Dutch court sets landmark ruling forcing Shell to slash emissions

26 May 2021

London, (Quantum Commodity Intelligence) - A district court in the Netherlands sent shockwaves around the oil industry on Wednesday after it ruled oil major Royal Dutch Shell must cut sharply its emissions of carbon dioxide to help combat global warming.

In a case led by the Dutch wing of environmental group Friends of the Earth and Greenpeace and backed by more than 15,000 other plaintiffs, the court ruled that energy giant Shell has to cut its carbon emissions 45% below 2019 levels by the end of the decade.

The ruling contrasts with Shell’s pledge to cut the carbon intensity of the products it sells by 6% by 2023, 20% by 2030 and 45% by 2035 – a target that essentially would allow it to sell goods that emit more carbon dioxide providing the overall emissions per unit falls.

"The court orders Royal Dutch Shell, by means of its corporate policy, to reduce its CO2 emissions by 45% by 2030 with respect to 2019 for the Shell group and its suppliers and customers," Judge Larisa Alwin said.

A Shell spokesperson told reporters immediately after the court case it would appeal the ruling.
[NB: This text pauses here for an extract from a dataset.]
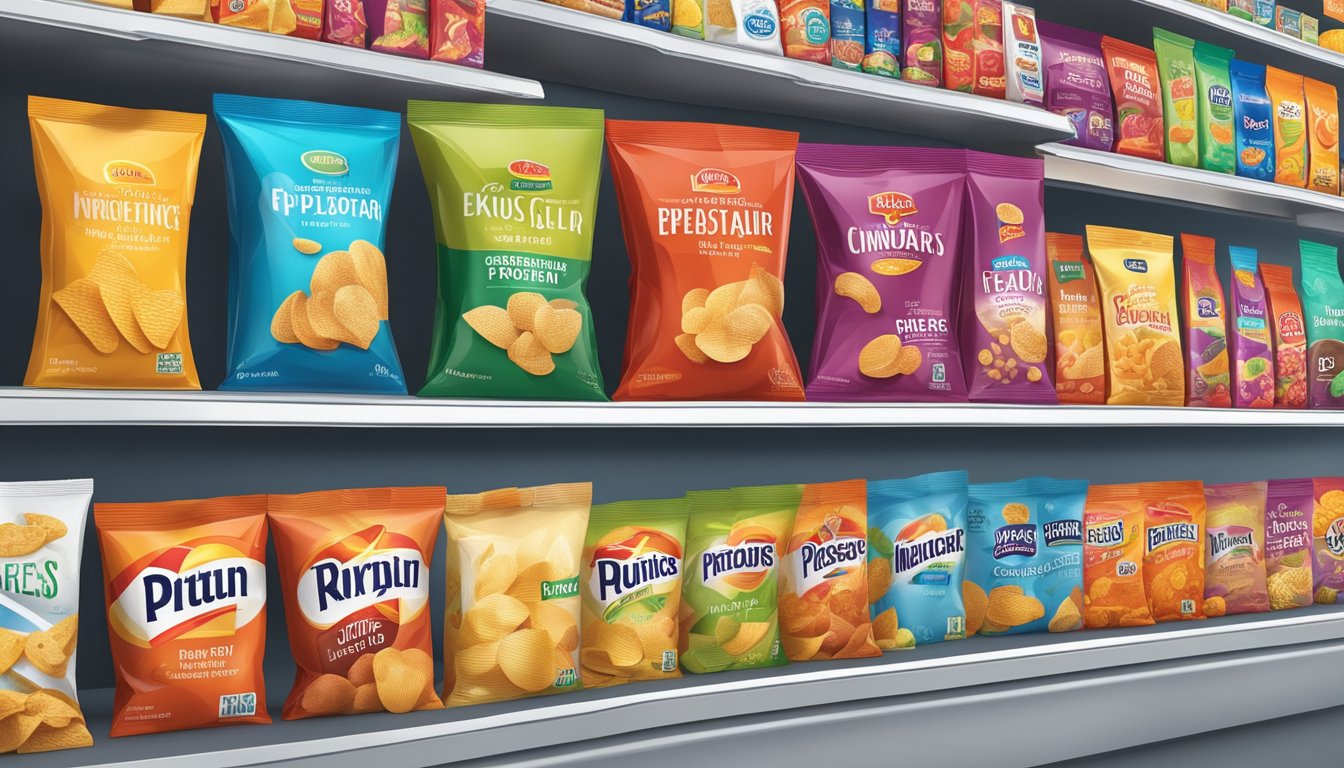Various chip brands displayed in colorful, eye-catching packaging on a supermarket shelf. Different sizes and flavors stand out, reflecting current snack packaging trends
The company's share price dipped just shy of 1% after the ruling, but was marginally higher by time of press on firmer oil prices.

In comparison the FTSE 100 index of leading shares in the UK was flat.

A first

“It is the first time that a major fossil fuel company is held accountable for its contribution to climate change and ordered to reduce its carbon emissions throughout its whole supply chain,” Greenpeace Netherlands said in a statement after the ruling.
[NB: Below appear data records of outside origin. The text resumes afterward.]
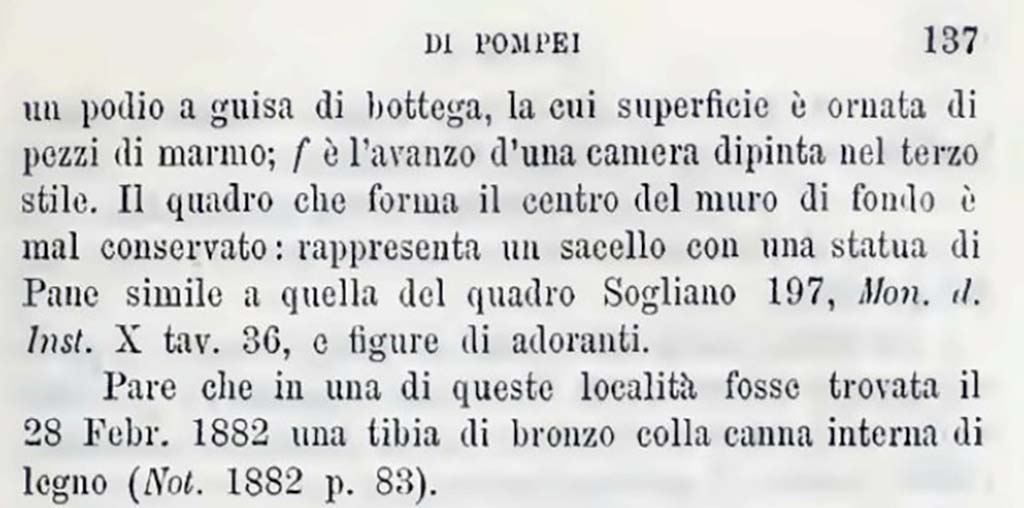 Description of “an area to the west of No.5”, a description of the unnumbered area (our number VIII.6.3) on west side of VIII.6.4, which is described as “No.5” on the plan.
See Bullettino dell’Instituto di Corrispondenza Archeologica (DAIR), 1884, p.137.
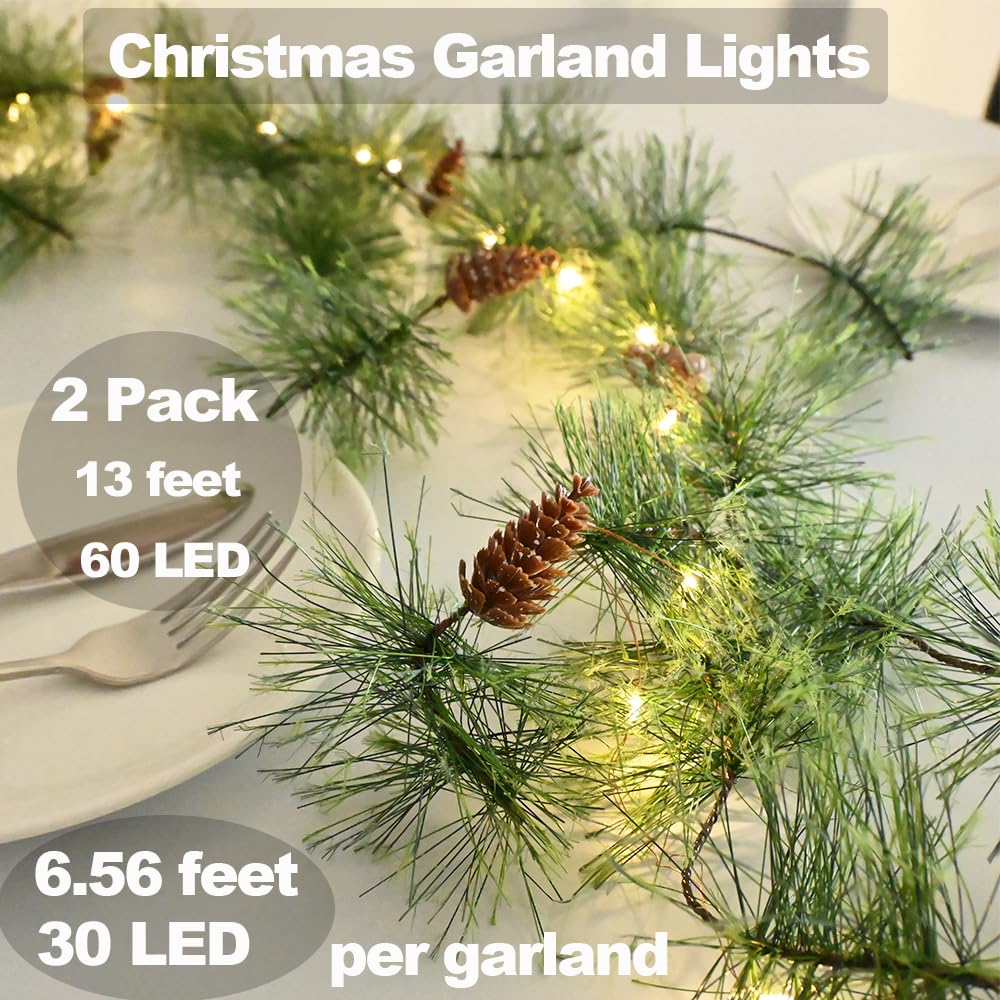 HamiFinee Christmas Garland with LED Fairy Lights 13FT Battery Operated Smokey Pine Garlands with 8 Flash Modes and Timer Pine C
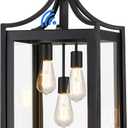 Outdoor Pendant Lights for Porch, 18.5" Large Dusk to Dawn Outdoor Chandelier with Clear Glass, Black Modern Hanging Porch Light, Adjustable Long Chain, OS-KY1004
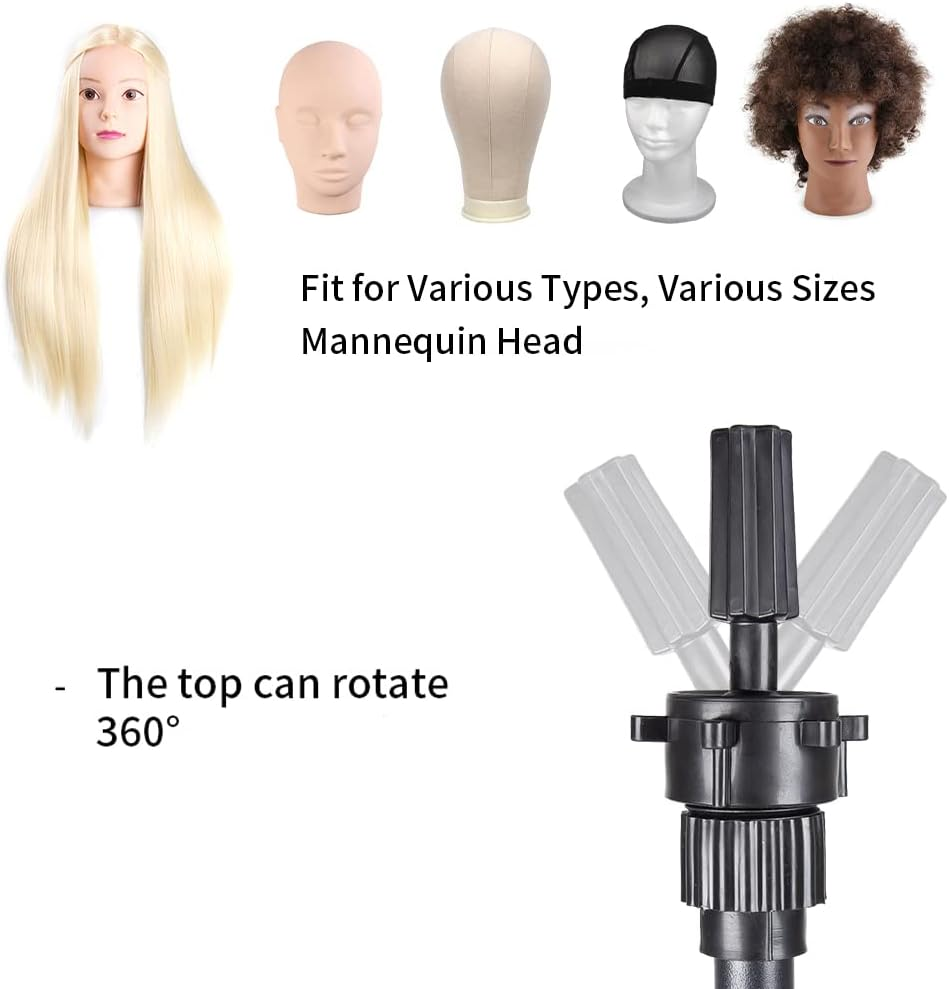Mini Wig Stand Tripod with Head Adjustable Mannequin Head Stand Wig Head Stand Wig Tripod Stand for Cosmetology Hairdressing Training(25 Inch,Black) image number 3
The big concern for other majors will be whether the ruling, which essentially places a legal obligation on oil majors to take the lead in cutting emissions of greenhouse gases that are blamed for warming the planet.
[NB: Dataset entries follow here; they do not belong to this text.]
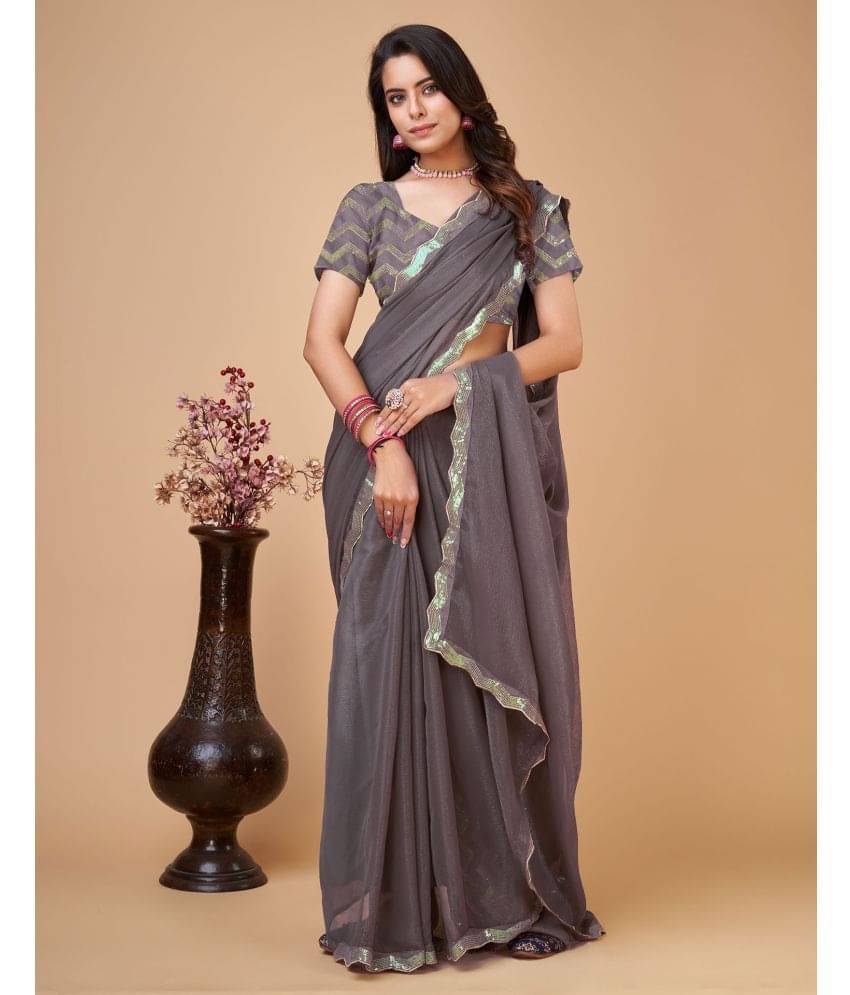     			Samah Chiffon Solid Saree With Unstitched Blouse Piece ( Grey )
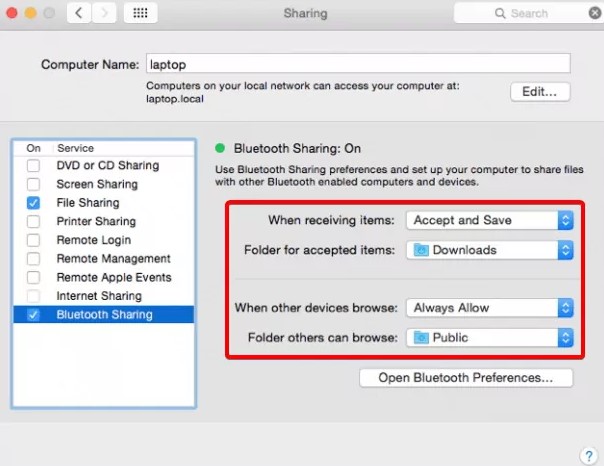 turn on bluetooth permissions on mac to transfer files from the android 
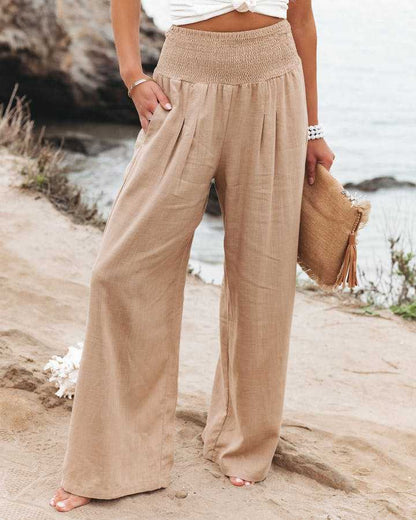 LILY - FLOWING BEACH PANTS WITH WIDE LEGS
The key part of the ruling is tying future investments in fossil fuel developments to human rights and the fact the judge said it places an obligation on Shell to do more than merely comply with regulations to cut emissions in the country it operates.

Last week the International Energy Agency said that in order for the world to become net-zero of carbon emissions by the middle of the decade, there must be no more new investments in fossil fuels after this year.

On Wednesday, Exxon’s and Chevron’s will face key votes on the companies’ plans  to cut emissions.

Last week, John Kerry, the US special envoy for climate, said in an interview with the BBC that half of the technology that was needed to meet the net-zero goal had still to be developed – a claim that has since been contested by environmental groups.